Long-time readers of this blog know that I hold the cult of IQ/education in contempt. But for whatever reason, part of the population believes that if you put a philosopher king or queen in charge--you know, someone with a high IQ, mental and verbal acuity, and advanced degrees from institutions with ivy-covered walls--and if you surround him or her with philosopher princes and princesses, he or she will govern effectively. For years I've rejected this belief, primarily because it's inconsistent with the historical record.
Well, comes now Barack Obama, paraphrased by Ron Suskind, who has written a book about the dysfunctional Obama White House: "The president at that point was expressing his distaste for what he felt dominated his first two years, which was, as he said, a kind of technocratic approach, that if you get the right people in the room and they have sufficiently high IQs or enough sterling degrees, you are going to get answers, solutions to problems that are wide, vast, and complex. And I think the two years that have passed convinced him that maybe that’s not the case."
And then there's this: "Yes there were problems, yes it was difficult, yes it was very frustrating for the president to feel trapped in a kind of rolling debate society that was largely run by Larry Summers and others, and I think he felt he didn’t have nearly enough to show for it, and he was exhausted by it. And feeling that maybe his best and highest use as president, as a leader, was to focus on these other issues more broadly, about making the American people feel confident."

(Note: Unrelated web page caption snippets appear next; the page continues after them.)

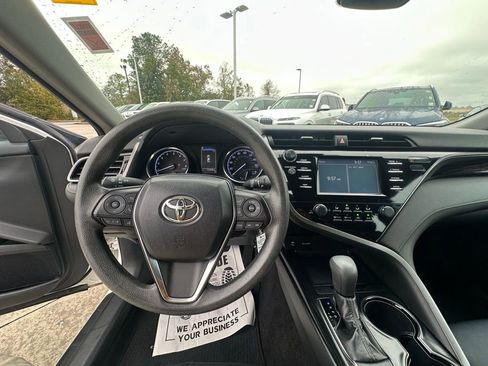 Used 2019 Toyota Camry LE image 12
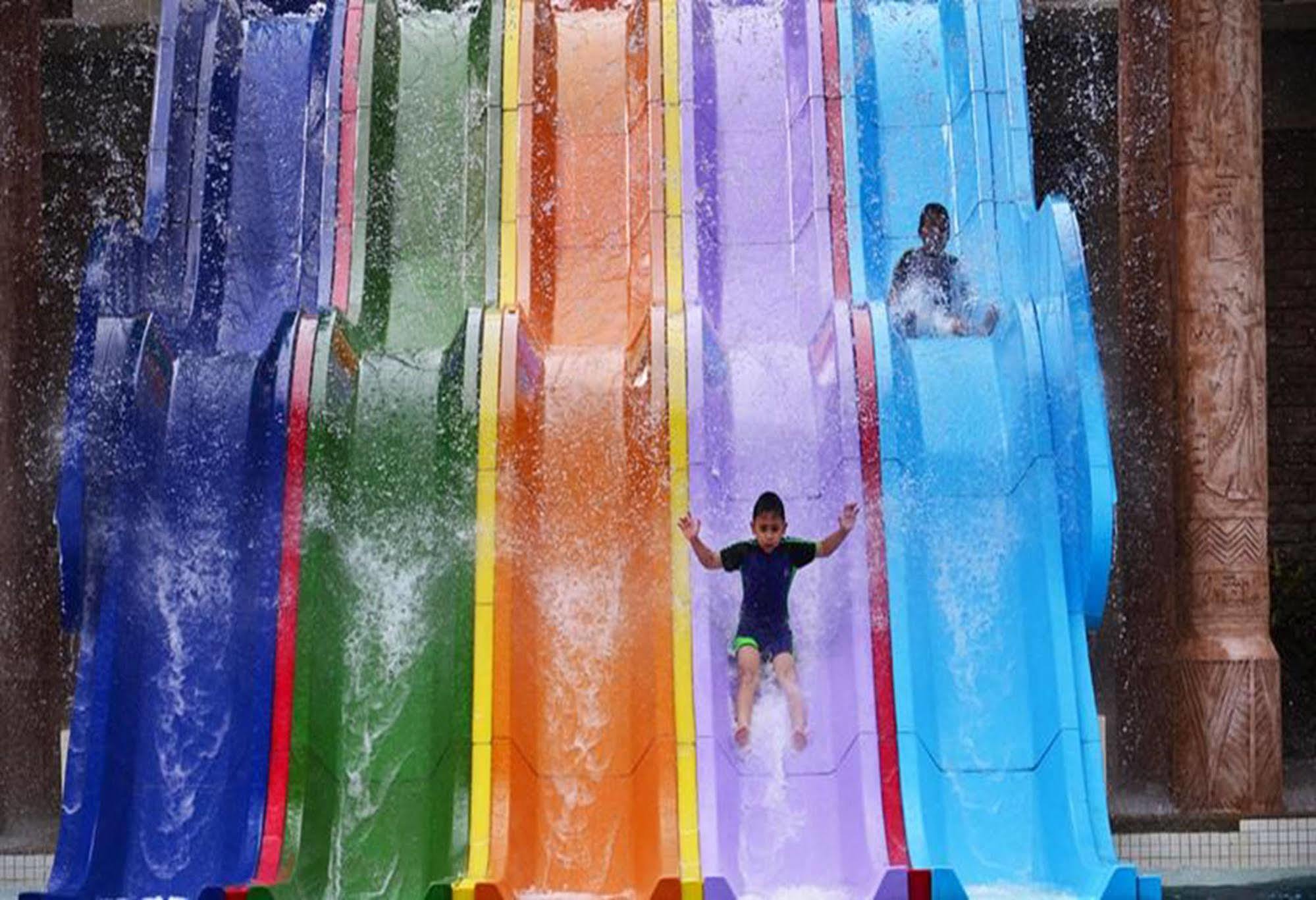 Bayou Lagoon Park Resort Malacca Kültér fotó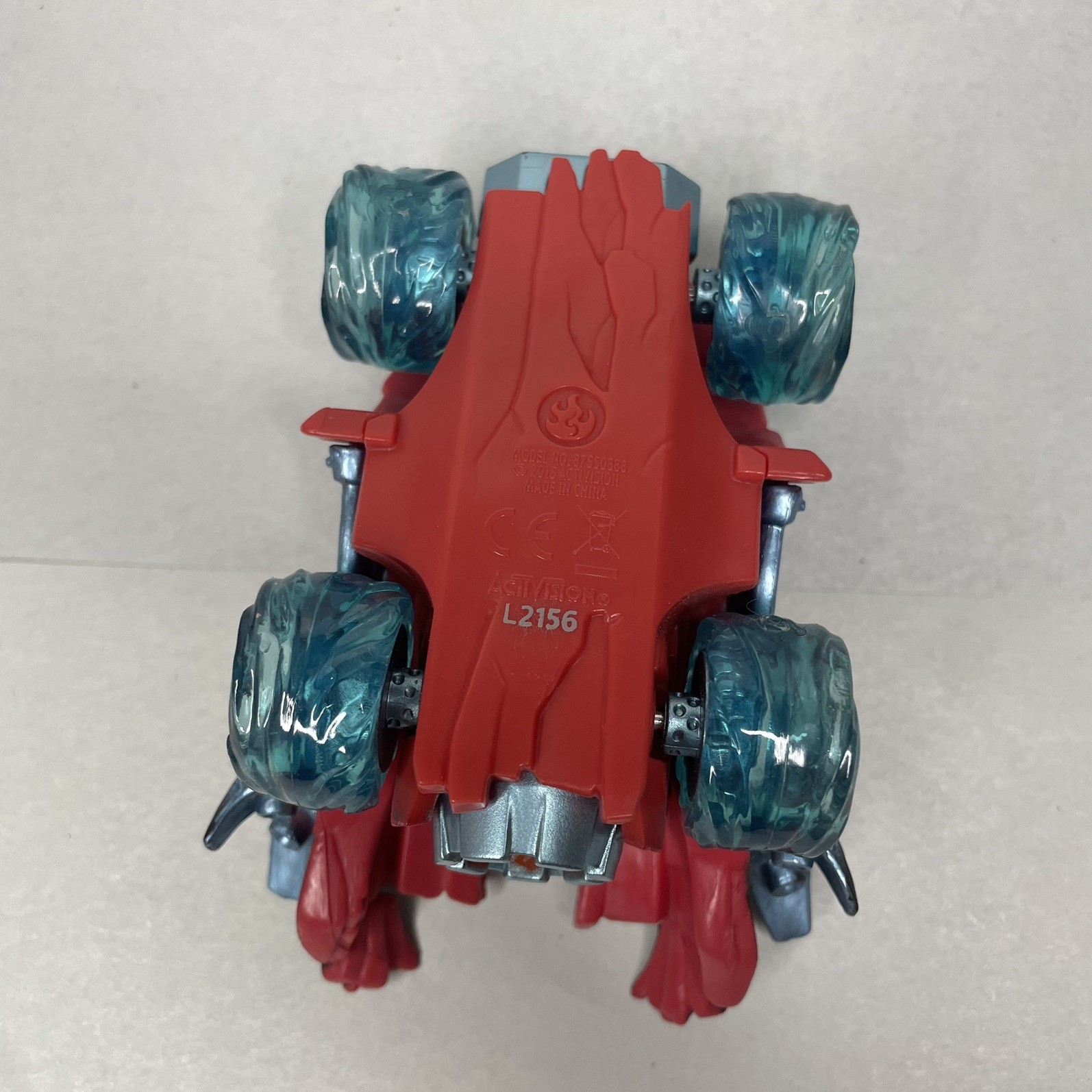 Lot of 2 Skylanders Spitfire & Hot Streak Including Card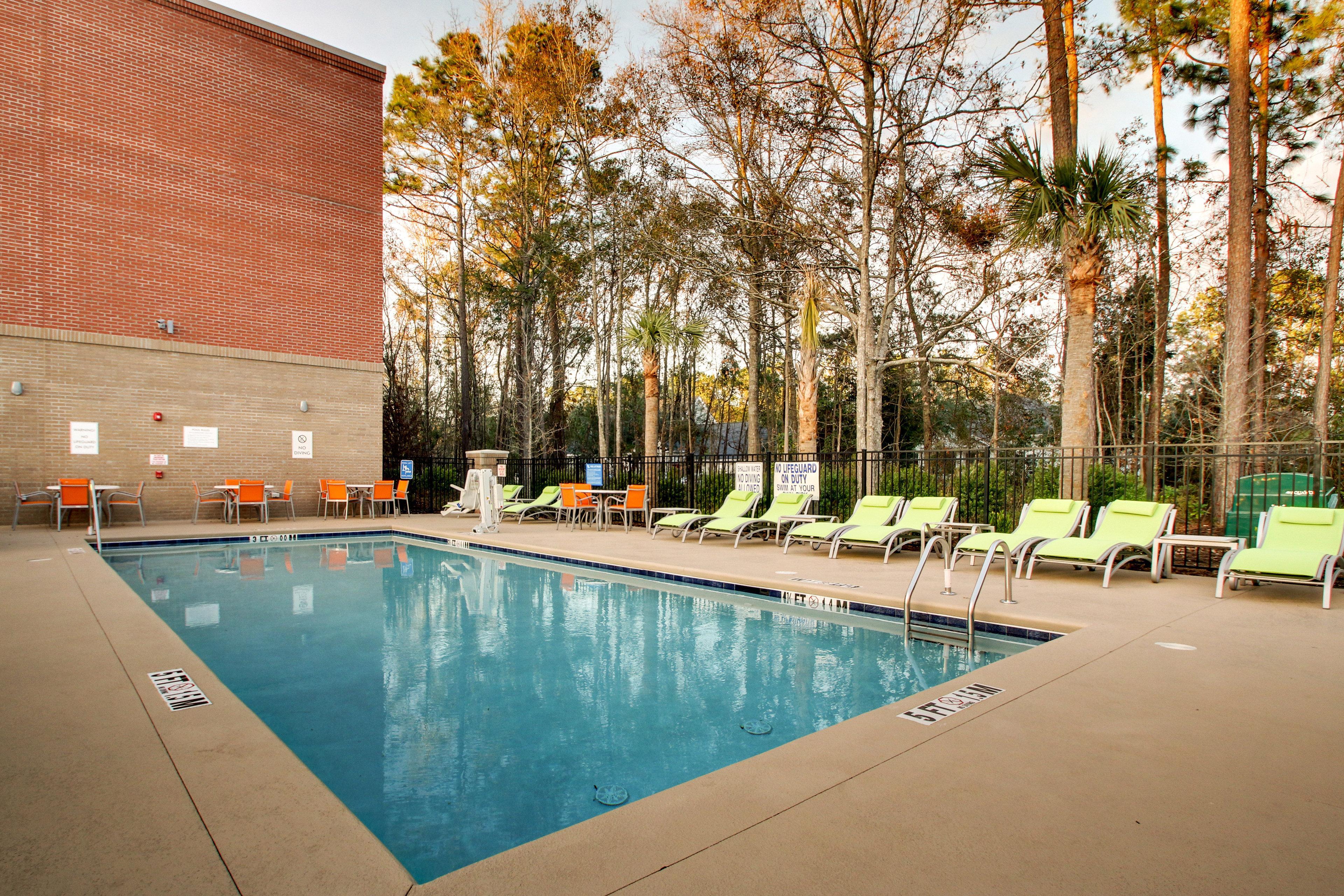 Holiday Inn Express & Suites Charleston Ne Mt Pleasant Us17 By Ihg Mount Pleasant Eksteriør billede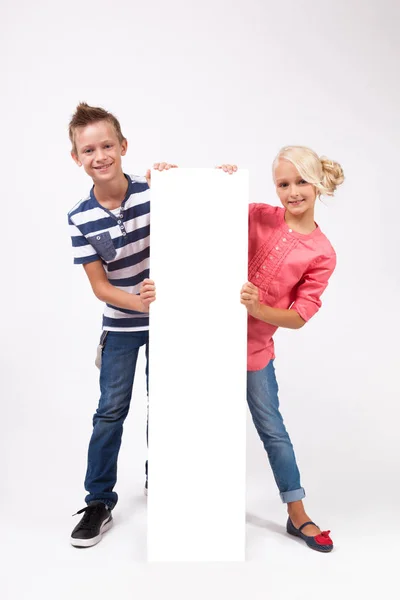 Niños felices con póster blanco — Foto de Stock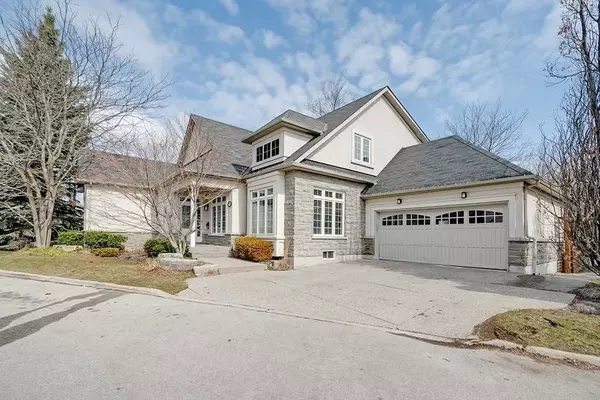 Oakville, ON L6K 3Y8,221 Carlini CT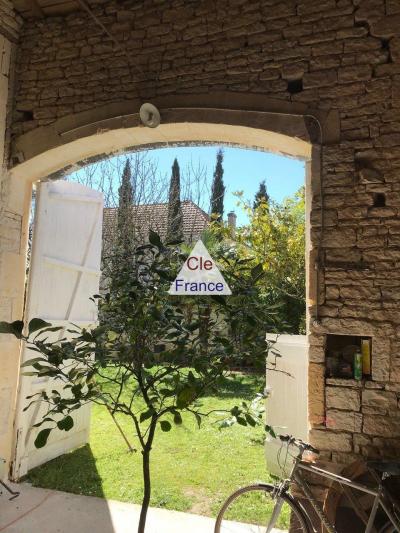 Jolie Maison En Pierre Offrant De Nombreuses Possibilites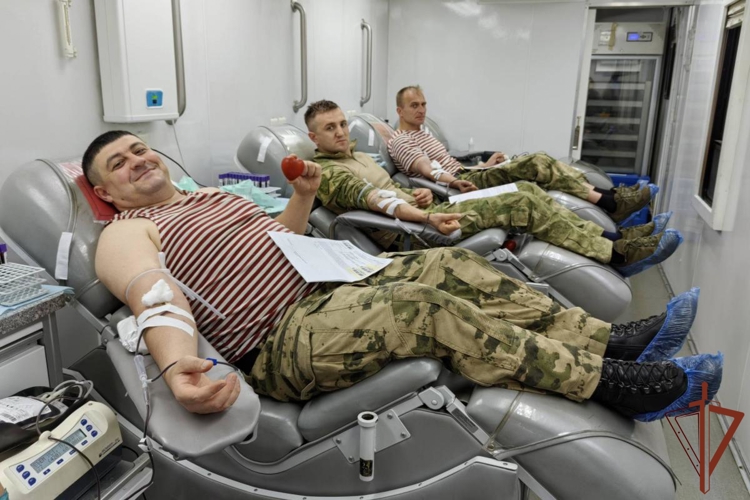 Росгвардейцы поддержали донорскую акцию «От сердца к сердцу» в Брянске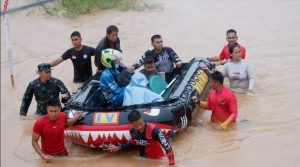 Tanjungpinang Kebanjiran, Satgas Banjir Lantamal IV  Evakuasi Warga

The takeaway for me is that we ought to elect people who have governed successfully, or who have managed a large enterprise successfully (generals and CEOs come to mind), regardless of IQ, facility with the language, or prestigious degrees...you know, people who will NOT be learning basic lessons about executive-level management during their first term as president.
Footnote: I've been doing a little reading about George W. Bush lately. I'm going to offer a provocative statement to those of you who still believe that W is "incurious" and/or stupid: Unless you're an academic historian, W knows vastly more about U.S. and world political history than you do (and than I do, by the way), and knows it not from the experience of being president, but from reading books that you have not read, and in many cases have not even heard of.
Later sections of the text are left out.